Wind that blows from close to the surface of the Sun has now been traced back to its source by a daredevil solar probe rivaling Icarus in its audacity.

In November 2021, the Parker Solar Probe skimmed within a more-than-hair-singeing 8.5 million kilometers (5.3 million miles) of the Sun, a feat enabling it to detect the fine structure of the solar wind as it gusted tons of charged particles out into the Solar System through a hole in the Sun’s corona, or atmosphere.

The probe’s readings give us the closest look yet at how the fast solar wind is generated, suggesting that a specific type of magnetic reconnection is what drives this powerful force of nature, according to a team of physicists led by Stuart Bale of the University of California, Berkeley, and James Drake of the University of Maryland, College Park.

“Winds carry lots of information from the Sun to Earth, so understanding the mechanism behind the Sun’s wind is important for practical reasons on Earth,” Drake explains.

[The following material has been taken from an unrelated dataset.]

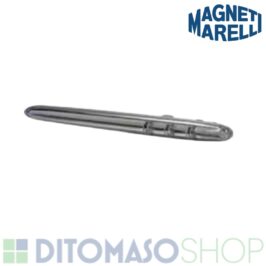 FANALINO LATERALE DX A LED PER ALFA ROMEO GIULIETTA 05/2010> MARELLI [OE 50522993]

“That’s going to affect our ability to understand how the Sun releases energy and drives geomagnetic storms, which are a threat to our communication networks.”

Coronal holes sound a bit worrying, but they’re a normal solar phenomenon. The Sun is a magnetic mess, as you can see in the visualization below, and a lot of the changes in its magnetic field manifest as phenomena in the corona. A coronal hole happens when, rather than forming closed loops, the magnetic field lines open and expand outward.

The result is a patch of cooler, less dense plasma in the corona. You won’t be able to see it just by looking at the Sun (not that you ought to look at the Sun without eye protection, don’t do that), but it will show up much darker in extreme ultraviolet wavelengths.

From these regions emerge powerful solar winds. Untrammeled by the usual magnetic fields, these winds gust into space at up to around 800 kilometers (500 miles) per second, twice as fast as the average solar wind.

It blows charged particles far into the Solar System; here on Earth, they can interact with our upper atmosphere to generate spectacular auroras and interfere with satellite operations and radio communications.

During the Sun’s 11-year activity cycle, coronal holes can appear at anytime. When the Sun is at the point of minimal activity, or solar minimum, they tend to hang around the poles. But at solar maximum, when the Sun’s magnetic poles swap places, and as activity declines afterward, coronal holes become more numerous and appear pretty at all latitudes, and more fast solar winds are pointed in our direction.

When Parker made its close approach to the Sun in November 2021, one of these coronal holes was fortuitously situated so that the probe could collect the closest observations of one of these regions obtained yet.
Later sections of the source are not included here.